Data supplied:
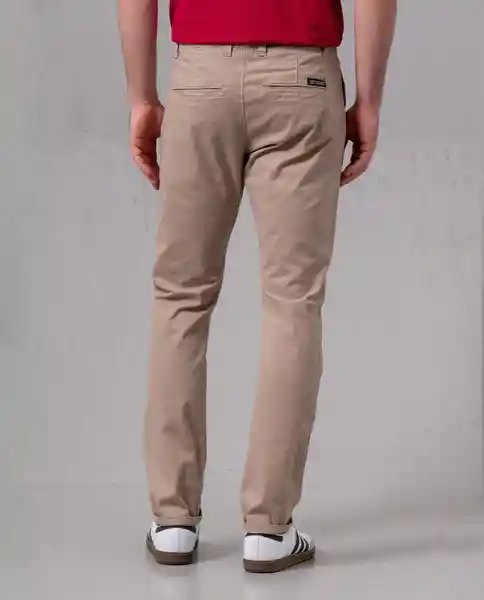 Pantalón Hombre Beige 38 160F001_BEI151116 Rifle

* * *

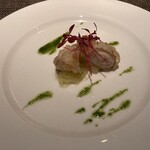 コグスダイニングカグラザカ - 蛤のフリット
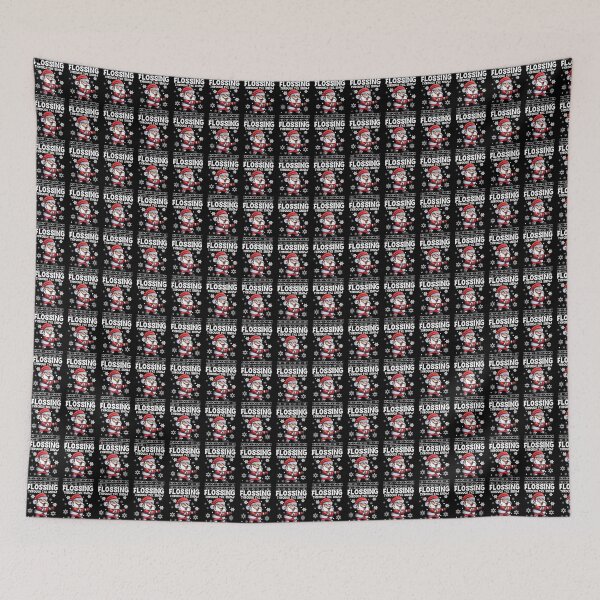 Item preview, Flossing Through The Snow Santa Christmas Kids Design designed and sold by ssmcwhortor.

Instructions to follow: Only one stretch of the listing above is to be duplicated: the lines from the one containing "コグスダイニングカグラザカ - 蛤のフリット" through the one containing "Item preview, Flossing", both included. Copy them exactly, minus the pictures.

Output of the exercise:
 コグスダイニングカグラザカ - 蛤のフリット
 Item preview, Flossing Through The Snow Santa Christmas Kids Design designed and sold by ssmcwhortor.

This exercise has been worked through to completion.